Mais il a fallu aller au-delà, définir d’autres règles, bâtir un autre système, celui que l’ancien pilier de Biarritz Eduard Coetzee décrit dans sa thèse sur les méthodes de transformation dans le rugby. Un système qu’il a mis en place dans son club des Sharks de Durban. _"__Si l’implication est au centre de votre organisation (…) votre satisfaction dure bien plus longtemps qu'une simple victoire dans un match. Nous allons régulièrement dans les townships mais nous y allons ensemble. Pas uniquement avec des joueurs blancs. On y va avec des joueurs qui viennent de ces townships. Et si ce modèle catalyse l'_attention dans votre ville, alors vous pouvez changer durablement les choses", explique Eduard Coetzee.
Durablement au point que la présence de joueurs noirs dans l’équipe sud-africaine devienne naturelle. Et que la présence sur le terrain des Kolisi, Arendse, Kolbe, Willemse devienne incontestable. Les Springboks, dont la transformation raciale est indéniable, ont remporté un 3e titre mondial lui aussi porteur de grands espoirs.
| Compétition | Nombre de titres | Années |
|---|---|---|
| Coupe du Monde | 3 | 1995, 2007, [Année] |
| Tri-Nations | 3 | 1998, 2004, 2009 |
| Coupe d’Afrique des Nations | 2 | 2000, 2001 |
En tant que sport le plus pratiqué en Afrique du Sud, le rugby compte 464 477 joueurs affiliés dont 446 821 joueurs masculins et 17 656 joueuses. Les Sud-Africains sont considérés comme l’une des meilleures équipes nationales au monde grâce à leurs palmarès.
Par exemple en 1970, les Springboks reçoivent les All Blacks pour une série de quatre matchs. Des opposants à l’apartheid ont alors envahi la piste de décollage d’Auckland dans l’optique d’empêcher l’avion des All Blacks de rejoindre l’Afrique du Sud. L’un des piliers Néo-zélandais, Ken Gray, refusa de participer à cette série de matchs pour des raisons morales.

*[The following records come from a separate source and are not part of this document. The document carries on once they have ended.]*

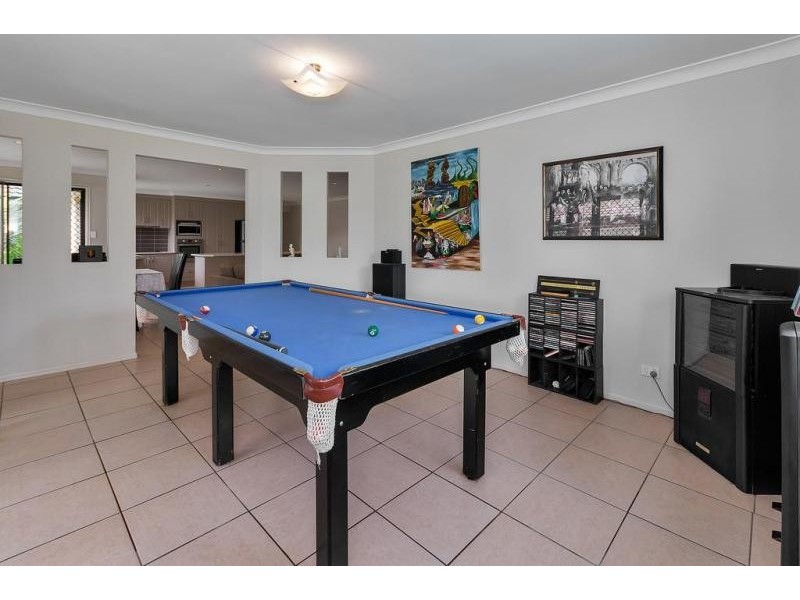 24 Piccadilly Court, Deebing Heights QLD 4306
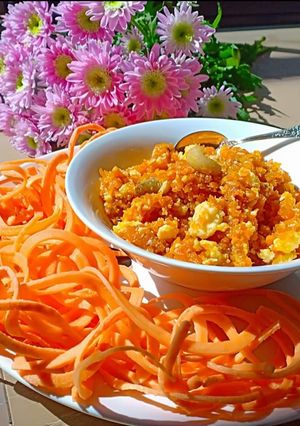 গাজরের হালুয়া(gajar halwa recipe in Bengali) রেসিপির প্রধান ছবি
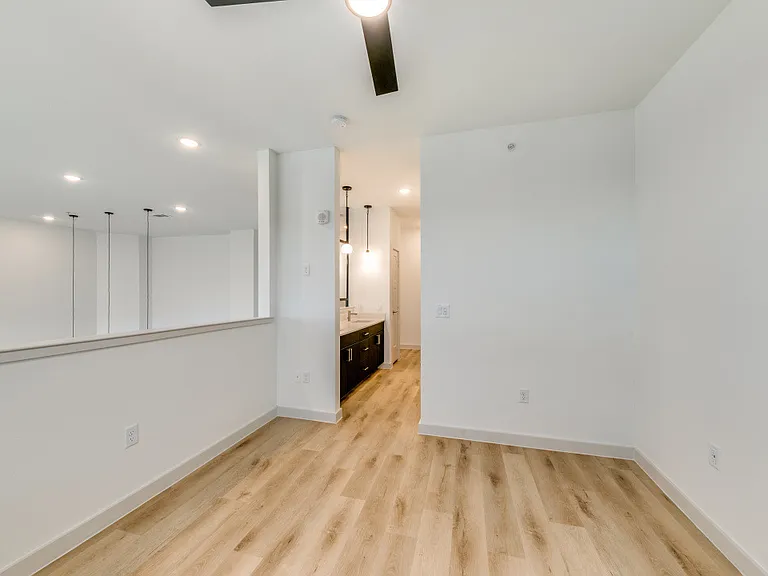 Burnett Lofts at Bishop Ridge — Photo 54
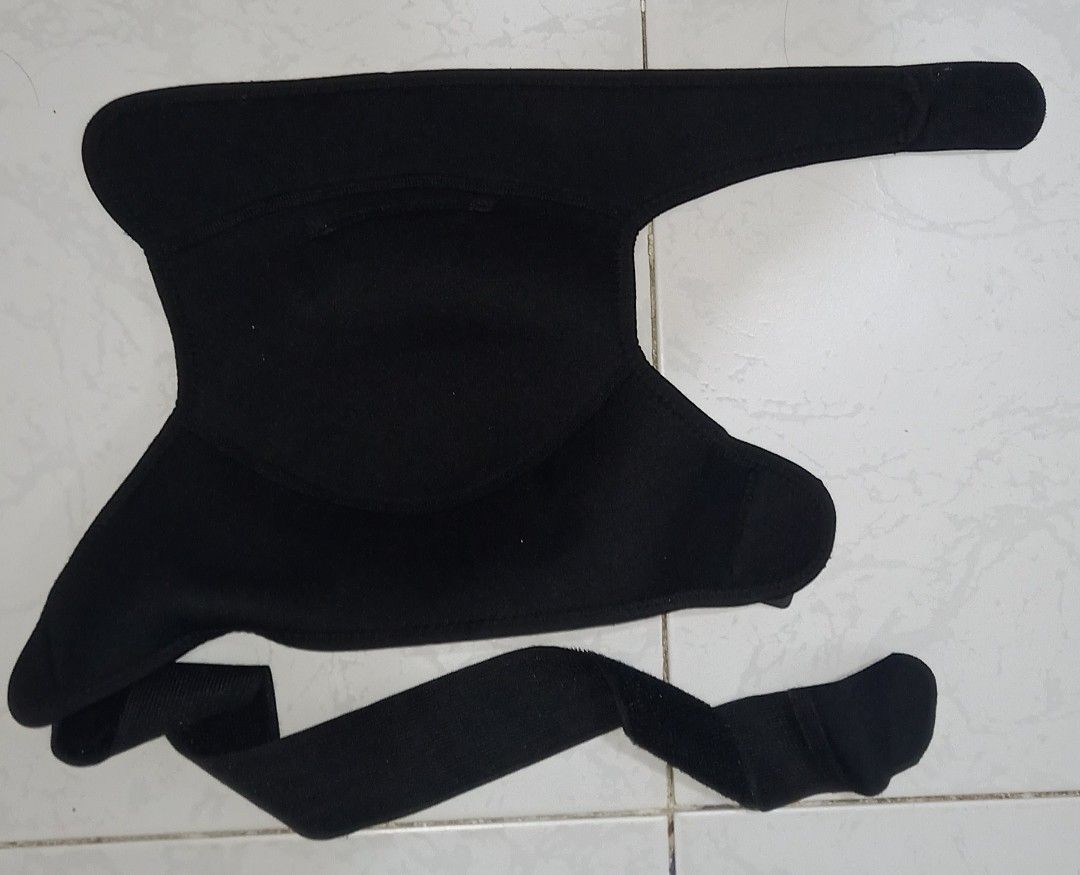 Adjustable Black Shoulder Support Brace with Pressure Pad (Category: Braces, Support & Protection) located in Cagayan de Oro. Submitted by edwardryan01984 (Listing ID 1468054166, Image 1). Description: - Color: Black with built-in grey pressure pad - Size: Universal fit with strong, adjustable Velcro closures - Ideal For: Injury recovery, rotator cuff stabilization, joint relief, and post-workout support - Features: Secure strap system and breath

L’année 1995 est marquée par la victoire des Springboks à la Coupe du monde dans leur propre pays. C’est lui, le capitaine, qui a reçu des mains de Nelson Mandela le trophée de la Coupe du monde en 1995. Percy Montgomery détient le record du plus grand nombre de point inscrit en équipe nationale : 893. Il est sacré champion du monde avec les Springboks en 2007, compétition dans laquelle il est élu meilleur marqueur ainsi que le meilleur joueur ! Bryan Habana, actuellement joueur au RC Toulon, a marqué les esprits lors de la Coupe du monde 2007 en France.
Lors de cette compétition avec, 8 réalisations, il égalise le record de meilleur marqueur d’essais alors détenu par le All-Black Jonah Lomu. En 2007 Bryan Habana devient le meilleur joueur du monde grâce à sa puissance et à sa pointe de vitesse incomparable. Le Springbok fait partie des joueurs les plus rapides de l’histoire du rugby, et enregistre régulièrement un temps de moins de 11 seconde sur 100m.
Les Springboks redeviennent fréquentables avec l’abolition de l’Apartheid le 30 juin 1991. Les Provinces des trois pays se rencontrent également à l’occasion du Super 12 (Super 15 aujourd’hui), sorte de Ligue des Champions où s’affrontent les meilleurs clubs de l’hémisphère sud. Un homme l’attend tout particulièrement, c’est Nelson Mandela, élu président lors des premières élections démocratiques du pays en 1994. Portés par tout un stade, par tout un peuple, les Springboks l’emportent face à la Nouvelle-Zélande ultra-favorite.